In the case, an aplication was successfully considered about the lack of protection of the applicant's personal integrity during the criminal investigation of the case on the complaint of sexual violence to which she was subjected, and the insufficient effectiveness of the investigation itself. The case involved a violation of the requirements of articles 3 and 8 of the Convention for the Protection of Human Rights and Fundamental Freedoms.
CIRCUMSTANCES OF THE CASE
The applicant was forced into prostitution by two women when she was only 12 years old. During the following year, the applicant filed a complaint against these persons, as well as against the man with whom she had sexual relations.
The applicant appealed, first of all, the lack of protection of her personal integrity during the criminal investigation of the case of a complaint of sexual violence to which she was subjected, and, secondly, the insufficient effectiveness of the investigation itself.

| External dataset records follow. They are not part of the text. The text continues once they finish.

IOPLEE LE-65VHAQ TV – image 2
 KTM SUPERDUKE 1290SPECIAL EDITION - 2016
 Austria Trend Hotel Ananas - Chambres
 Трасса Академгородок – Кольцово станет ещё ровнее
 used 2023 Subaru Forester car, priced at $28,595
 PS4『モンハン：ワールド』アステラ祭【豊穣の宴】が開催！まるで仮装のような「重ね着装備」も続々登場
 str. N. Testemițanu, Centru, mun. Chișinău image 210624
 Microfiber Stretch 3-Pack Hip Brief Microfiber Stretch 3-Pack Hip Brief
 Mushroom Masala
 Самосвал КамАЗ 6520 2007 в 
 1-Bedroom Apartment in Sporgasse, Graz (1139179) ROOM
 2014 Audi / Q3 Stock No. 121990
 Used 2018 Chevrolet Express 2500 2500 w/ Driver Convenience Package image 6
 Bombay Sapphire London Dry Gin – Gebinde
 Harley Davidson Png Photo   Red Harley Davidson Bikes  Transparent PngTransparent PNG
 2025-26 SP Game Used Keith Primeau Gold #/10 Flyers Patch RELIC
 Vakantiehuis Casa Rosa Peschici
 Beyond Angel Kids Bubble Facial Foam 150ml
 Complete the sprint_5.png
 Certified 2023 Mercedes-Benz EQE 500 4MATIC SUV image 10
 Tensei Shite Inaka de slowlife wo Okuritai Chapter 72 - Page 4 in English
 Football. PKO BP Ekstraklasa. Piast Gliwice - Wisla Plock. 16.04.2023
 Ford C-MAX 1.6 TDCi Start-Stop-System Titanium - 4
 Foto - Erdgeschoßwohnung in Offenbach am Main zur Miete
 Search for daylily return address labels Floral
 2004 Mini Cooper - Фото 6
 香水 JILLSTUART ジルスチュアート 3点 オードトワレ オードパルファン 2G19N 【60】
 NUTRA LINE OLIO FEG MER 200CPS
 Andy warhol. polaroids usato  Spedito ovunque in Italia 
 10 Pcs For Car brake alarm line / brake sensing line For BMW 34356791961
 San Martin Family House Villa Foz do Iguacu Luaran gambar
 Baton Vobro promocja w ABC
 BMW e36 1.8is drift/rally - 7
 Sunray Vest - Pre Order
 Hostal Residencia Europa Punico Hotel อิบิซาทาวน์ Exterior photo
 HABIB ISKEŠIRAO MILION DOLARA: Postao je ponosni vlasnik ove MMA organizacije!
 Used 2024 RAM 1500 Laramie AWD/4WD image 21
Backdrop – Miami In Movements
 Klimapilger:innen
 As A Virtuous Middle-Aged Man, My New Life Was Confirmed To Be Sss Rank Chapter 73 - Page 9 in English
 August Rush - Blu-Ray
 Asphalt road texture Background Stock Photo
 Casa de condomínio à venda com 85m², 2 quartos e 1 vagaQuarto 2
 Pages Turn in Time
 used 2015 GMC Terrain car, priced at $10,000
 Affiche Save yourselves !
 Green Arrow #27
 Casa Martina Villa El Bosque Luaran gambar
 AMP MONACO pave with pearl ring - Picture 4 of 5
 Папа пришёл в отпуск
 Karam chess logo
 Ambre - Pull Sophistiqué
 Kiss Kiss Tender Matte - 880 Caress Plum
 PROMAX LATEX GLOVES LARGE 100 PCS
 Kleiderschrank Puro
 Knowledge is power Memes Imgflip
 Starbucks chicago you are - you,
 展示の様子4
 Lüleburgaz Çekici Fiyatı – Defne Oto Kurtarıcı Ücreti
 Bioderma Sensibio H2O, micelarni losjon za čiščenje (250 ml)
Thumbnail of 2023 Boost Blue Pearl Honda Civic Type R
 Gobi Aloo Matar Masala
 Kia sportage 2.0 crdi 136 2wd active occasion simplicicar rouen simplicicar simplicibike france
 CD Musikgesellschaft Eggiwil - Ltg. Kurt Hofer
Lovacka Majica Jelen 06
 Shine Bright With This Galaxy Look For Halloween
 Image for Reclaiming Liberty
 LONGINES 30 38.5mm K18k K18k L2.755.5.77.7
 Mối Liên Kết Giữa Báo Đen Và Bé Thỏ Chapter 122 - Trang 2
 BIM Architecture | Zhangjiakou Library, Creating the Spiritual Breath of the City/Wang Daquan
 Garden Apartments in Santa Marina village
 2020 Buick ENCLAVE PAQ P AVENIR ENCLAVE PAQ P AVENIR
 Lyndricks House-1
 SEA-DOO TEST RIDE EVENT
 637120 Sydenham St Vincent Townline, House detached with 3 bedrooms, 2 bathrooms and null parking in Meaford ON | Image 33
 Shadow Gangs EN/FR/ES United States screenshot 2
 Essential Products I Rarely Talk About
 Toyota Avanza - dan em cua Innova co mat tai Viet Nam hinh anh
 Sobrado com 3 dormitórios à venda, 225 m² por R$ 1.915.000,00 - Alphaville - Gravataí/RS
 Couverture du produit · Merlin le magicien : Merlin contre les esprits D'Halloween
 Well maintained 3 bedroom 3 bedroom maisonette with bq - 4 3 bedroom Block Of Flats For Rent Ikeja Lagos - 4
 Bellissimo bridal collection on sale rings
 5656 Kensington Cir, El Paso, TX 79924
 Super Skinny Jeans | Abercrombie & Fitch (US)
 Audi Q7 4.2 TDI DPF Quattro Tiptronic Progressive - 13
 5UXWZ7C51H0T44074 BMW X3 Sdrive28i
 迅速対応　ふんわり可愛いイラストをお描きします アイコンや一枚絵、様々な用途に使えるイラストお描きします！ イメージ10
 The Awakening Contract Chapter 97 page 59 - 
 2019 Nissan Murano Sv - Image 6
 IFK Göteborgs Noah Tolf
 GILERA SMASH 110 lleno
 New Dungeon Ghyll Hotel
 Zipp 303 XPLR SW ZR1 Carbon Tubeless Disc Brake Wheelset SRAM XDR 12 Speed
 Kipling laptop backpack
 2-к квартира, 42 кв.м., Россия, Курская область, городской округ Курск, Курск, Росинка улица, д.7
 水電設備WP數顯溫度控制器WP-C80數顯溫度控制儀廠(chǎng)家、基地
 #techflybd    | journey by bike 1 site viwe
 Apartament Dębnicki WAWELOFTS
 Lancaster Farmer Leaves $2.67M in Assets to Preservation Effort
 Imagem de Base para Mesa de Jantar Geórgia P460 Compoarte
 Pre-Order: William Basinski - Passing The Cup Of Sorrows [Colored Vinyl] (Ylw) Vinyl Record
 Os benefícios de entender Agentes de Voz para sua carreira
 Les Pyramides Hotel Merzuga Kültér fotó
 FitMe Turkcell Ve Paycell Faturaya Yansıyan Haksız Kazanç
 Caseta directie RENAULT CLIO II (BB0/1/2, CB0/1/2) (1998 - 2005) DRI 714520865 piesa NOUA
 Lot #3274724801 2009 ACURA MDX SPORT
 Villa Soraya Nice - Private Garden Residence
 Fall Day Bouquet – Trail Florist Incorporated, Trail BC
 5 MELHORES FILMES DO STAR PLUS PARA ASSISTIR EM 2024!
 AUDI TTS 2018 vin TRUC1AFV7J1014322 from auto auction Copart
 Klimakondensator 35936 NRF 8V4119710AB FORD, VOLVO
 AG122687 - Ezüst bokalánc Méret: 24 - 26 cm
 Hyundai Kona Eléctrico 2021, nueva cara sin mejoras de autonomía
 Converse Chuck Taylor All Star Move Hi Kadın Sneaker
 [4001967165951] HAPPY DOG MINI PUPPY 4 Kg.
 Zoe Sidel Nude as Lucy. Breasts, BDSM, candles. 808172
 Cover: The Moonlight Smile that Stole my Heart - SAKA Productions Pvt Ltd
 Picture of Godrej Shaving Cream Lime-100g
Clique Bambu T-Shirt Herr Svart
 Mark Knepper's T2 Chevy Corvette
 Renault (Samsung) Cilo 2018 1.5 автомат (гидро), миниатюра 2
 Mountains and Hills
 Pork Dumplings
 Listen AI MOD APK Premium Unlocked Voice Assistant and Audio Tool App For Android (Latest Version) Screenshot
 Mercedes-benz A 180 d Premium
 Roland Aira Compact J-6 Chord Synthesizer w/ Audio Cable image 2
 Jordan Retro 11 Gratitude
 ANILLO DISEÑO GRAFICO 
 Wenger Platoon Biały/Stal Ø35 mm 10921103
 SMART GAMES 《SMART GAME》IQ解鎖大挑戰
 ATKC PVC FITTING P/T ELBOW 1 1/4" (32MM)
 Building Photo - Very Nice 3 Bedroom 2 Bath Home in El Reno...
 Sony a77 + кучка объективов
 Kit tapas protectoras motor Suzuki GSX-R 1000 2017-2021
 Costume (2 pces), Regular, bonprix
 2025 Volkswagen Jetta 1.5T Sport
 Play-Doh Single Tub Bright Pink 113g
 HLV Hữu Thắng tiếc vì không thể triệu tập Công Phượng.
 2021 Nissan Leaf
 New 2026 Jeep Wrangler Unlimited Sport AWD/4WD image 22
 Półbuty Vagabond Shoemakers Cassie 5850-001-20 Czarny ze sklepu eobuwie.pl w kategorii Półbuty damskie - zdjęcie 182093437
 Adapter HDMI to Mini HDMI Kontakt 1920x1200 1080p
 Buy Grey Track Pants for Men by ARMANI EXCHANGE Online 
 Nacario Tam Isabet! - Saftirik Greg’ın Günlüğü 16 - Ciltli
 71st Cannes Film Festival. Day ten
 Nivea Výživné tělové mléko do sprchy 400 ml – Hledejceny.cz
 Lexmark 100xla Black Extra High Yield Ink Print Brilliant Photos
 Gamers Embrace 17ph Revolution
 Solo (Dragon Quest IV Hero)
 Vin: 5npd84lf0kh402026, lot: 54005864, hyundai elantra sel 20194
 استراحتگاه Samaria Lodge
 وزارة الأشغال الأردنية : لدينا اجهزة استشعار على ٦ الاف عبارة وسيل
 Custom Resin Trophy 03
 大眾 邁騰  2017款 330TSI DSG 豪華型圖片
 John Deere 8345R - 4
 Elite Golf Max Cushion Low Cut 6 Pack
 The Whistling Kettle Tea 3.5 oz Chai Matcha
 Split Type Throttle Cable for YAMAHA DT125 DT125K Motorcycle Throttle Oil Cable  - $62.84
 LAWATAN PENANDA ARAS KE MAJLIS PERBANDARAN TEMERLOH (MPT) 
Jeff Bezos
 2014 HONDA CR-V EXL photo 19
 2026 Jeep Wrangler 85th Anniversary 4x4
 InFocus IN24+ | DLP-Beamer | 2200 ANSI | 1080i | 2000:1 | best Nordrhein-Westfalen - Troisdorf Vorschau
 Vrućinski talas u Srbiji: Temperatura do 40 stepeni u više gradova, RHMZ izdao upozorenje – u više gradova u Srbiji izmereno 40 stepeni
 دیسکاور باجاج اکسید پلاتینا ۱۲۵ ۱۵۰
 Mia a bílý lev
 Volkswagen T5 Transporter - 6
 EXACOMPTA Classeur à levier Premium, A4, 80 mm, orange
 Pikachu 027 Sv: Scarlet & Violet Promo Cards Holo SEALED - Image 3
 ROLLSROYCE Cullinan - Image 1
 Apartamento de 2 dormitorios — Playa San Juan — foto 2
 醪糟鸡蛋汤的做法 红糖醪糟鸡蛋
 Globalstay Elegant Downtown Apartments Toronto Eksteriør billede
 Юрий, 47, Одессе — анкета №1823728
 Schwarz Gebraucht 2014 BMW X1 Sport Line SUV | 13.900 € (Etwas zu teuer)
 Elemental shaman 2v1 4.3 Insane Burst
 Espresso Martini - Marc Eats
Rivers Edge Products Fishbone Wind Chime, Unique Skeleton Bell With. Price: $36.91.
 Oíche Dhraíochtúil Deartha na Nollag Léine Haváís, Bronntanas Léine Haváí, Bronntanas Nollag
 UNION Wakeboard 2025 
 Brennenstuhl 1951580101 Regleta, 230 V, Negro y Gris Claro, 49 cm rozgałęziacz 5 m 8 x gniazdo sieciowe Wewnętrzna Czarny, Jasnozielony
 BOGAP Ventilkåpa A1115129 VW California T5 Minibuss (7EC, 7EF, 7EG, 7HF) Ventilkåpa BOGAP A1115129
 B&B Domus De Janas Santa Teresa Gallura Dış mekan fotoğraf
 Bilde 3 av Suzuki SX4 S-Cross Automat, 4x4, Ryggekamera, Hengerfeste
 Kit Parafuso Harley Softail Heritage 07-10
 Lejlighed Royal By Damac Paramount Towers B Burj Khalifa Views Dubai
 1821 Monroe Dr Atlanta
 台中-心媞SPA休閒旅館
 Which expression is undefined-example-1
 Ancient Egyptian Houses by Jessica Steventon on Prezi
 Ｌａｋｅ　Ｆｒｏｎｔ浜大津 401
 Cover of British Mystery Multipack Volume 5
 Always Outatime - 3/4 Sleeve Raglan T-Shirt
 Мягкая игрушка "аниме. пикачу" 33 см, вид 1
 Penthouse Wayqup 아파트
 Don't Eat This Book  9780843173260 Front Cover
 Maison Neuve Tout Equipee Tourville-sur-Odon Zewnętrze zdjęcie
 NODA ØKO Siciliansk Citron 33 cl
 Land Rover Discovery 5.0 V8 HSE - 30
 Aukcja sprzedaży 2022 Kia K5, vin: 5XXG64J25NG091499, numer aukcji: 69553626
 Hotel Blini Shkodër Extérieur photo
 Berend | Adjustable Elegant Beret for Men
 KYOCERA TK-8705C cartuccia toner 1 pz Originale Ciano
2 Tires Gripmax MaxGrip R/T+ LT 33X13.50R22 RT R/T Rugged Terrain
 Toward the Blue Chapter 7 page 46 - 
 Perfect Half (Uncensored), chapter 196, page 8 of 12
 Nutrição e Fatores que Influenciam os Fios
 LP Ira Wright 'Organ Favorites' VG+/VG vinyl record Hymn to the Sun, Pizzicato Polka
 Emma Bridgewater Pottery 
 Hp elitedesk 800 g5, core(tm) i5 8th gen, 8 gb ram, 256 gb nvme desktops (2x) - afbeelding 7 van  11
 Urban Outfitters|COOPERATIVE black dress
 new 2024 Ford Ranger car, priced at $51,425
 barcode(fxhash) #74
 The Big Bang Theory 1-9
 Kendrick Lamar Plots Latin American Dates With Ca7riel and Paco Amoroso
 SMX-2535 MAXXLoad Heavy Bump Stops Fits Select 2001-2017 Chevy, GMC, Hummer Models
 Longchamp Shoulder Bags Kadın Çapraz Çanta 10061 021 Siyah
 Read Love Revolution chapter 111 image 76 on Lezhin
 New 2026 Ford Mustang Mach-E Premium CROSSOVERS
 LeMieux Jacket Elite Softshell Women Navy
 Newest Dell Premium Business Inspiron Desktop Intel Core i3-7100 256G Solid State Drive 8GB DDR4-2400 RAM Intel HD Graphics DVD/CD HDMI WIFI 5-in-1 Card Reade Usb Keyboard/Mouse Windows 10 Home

Regarding compliance with articles 3 and 8 of the Convention. In the applicant's case, her treatment reached the minimum level of cruelty required for the application of article 3 of the Convention. Given the applicant's young age at the time of the events complained of, she was in a vulnerable position. In this context, the sexual violence suffered by the applicant and the complaints of secondary victimization, that is, the shortcomings of the criminal proceedings in the field of ensuring the protection of the applicant, were sufficiently significant to fall within the scope of article 3 of the Convention. In addition, in view of the impact of both aspects of the applicant's complaints on her physical and psychological integrity, the events complained by the applicant also fell within the scope of article 8 of the Convention.
(a) Protection of the applicant during the criminal proceedings. The criminal case was initiated immediately after the applicant's complaint, and most of the defendants were sentenced to terms of imprisonment. Nevertheless, in such a serious case concerning the sexual exploitation of a girl under the age of 15, the European Court could not limit itself to general conclusions when assessing whether the Turkish authorities had fulfilled their obligations under articles 3 and 8 of the Convention.
(b) The failure of the authorities to provide the applicant with protection during the consideration of the case. Several international instruments for the protection of victims of physical or psychological violence and for protection from secondary victimization provided guidance on the assistance that should have been provided to children affected by sexual violence and exploitation. In this case, for 18 months after the complaint was filed, the applicant was never assisted by a social security officer, a psychologist, or any expert, either during the consideration of the case by the police and the prosecutor's office, or during the trial by jury. This fact was sufficient to conclude that the applicant had not been properly taken care of during the consideration of the present case.
(c) Failure to protect the applicant from the defendants. The applicant's situation worsened during the trial of her case by a jury, since no measures were taken to isolate the applicant from the defendants. During several court sessions, the applicant sat opposite the defendants and was forced to describe in detail the attacks, threats, violent sexual acts to which she was subjected, which, undoubtedly, was an extremely humiliating situation for the applicant. However, there is no indication in the case file that the applicant would have requested such confrontations, or even that these actions were necessary for the proper and effective exercise of the rights of the defense, so the European Court could not conclude that an appropriate balance of interests was achieved in the case. Thus, the applicant was not protected from the defendants in such a serious case as the accusation of forced prostitution and sexual violence against a child under the age of 15.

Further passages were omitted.